Thursday, April 02, 2009

Improving XSLT performance with Woodstox/SAX (or Aalto): 20-30% more thorughput!

One thing I mentioned earlier regarding potential use cases for Woodstox' SAX API implementation was to speed up XSLT processing. 2 main Java XSLT processor contestants -- Xalan and Saxon -- both use SAX as their primary input source. Since Woodstox is a tad faster for both reading and writing XML than its leading open source competitors (including one JDK bundles, Xerces), one would expect some speed boost for using Woodstox as the SAX parser.

To test out this hypothesis, I wrote some more StaxBind code (which currently lives within Woodstox svn repository at Codehaus) to allow running set of XSLT stylesheets over documents: in this case test cases of XSLTMark test suite.
For additonal fun, I also included tests using Aalto given it also implements SAX and is complete enough to handle XSLT transformations just fine.
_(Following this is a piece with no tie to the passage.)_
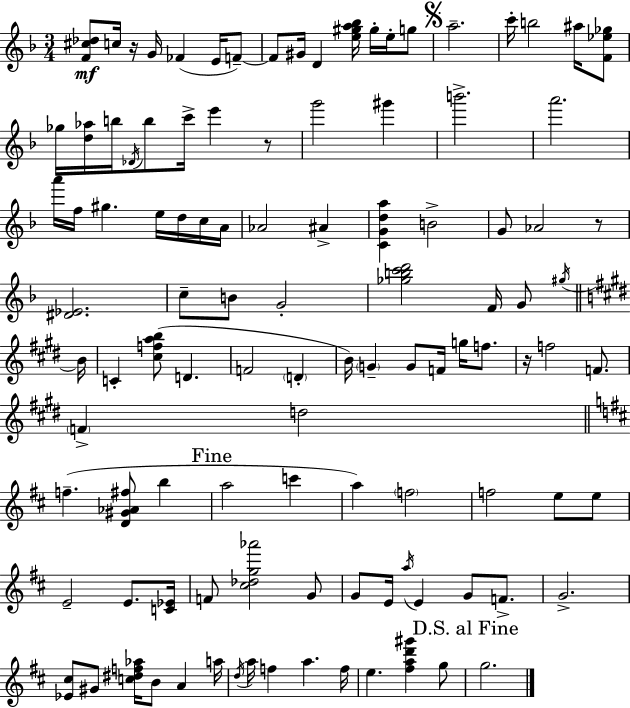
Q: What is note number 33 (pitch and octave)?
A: Ab4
For the first test run, I chose Saxon; I will later do the same with Xalan.

So here's a quick look at combined results over couple dozen tests:

Or, check out complete results for full overview.
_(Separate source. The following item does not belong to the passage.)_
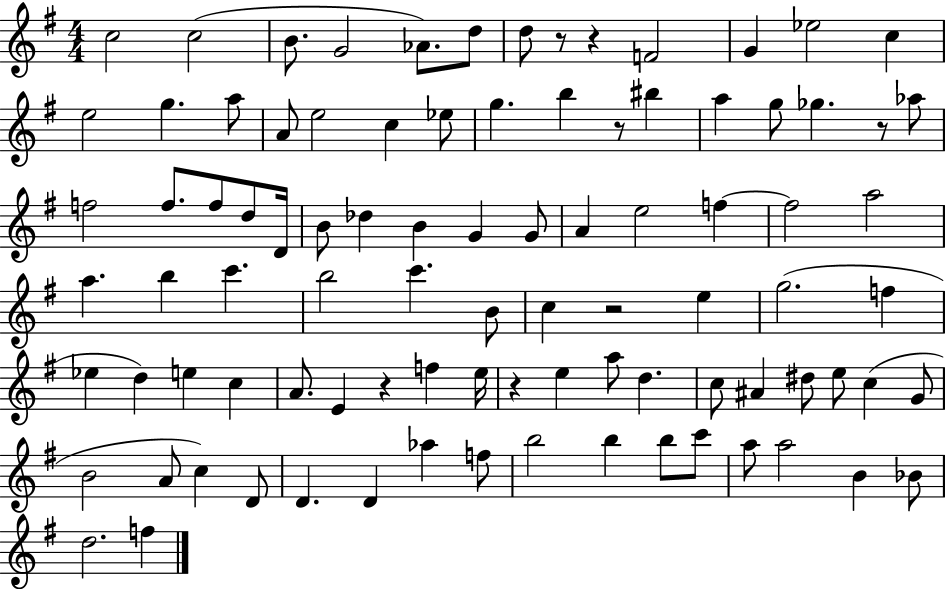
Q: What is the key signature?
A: G major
The executive summary is that using Woodstox can give you 20-30% more throughput for these test cases; and consistently at least some speed up. Aalto can give another slight boost as well. And given how simple it all is (see here for a reminder), it should be a nice easy win.

What next? Well, in addition to testing Xalan, it would also be nice to get a more representative set of real-world stylesheets. But for now, I'll assume these results are representative.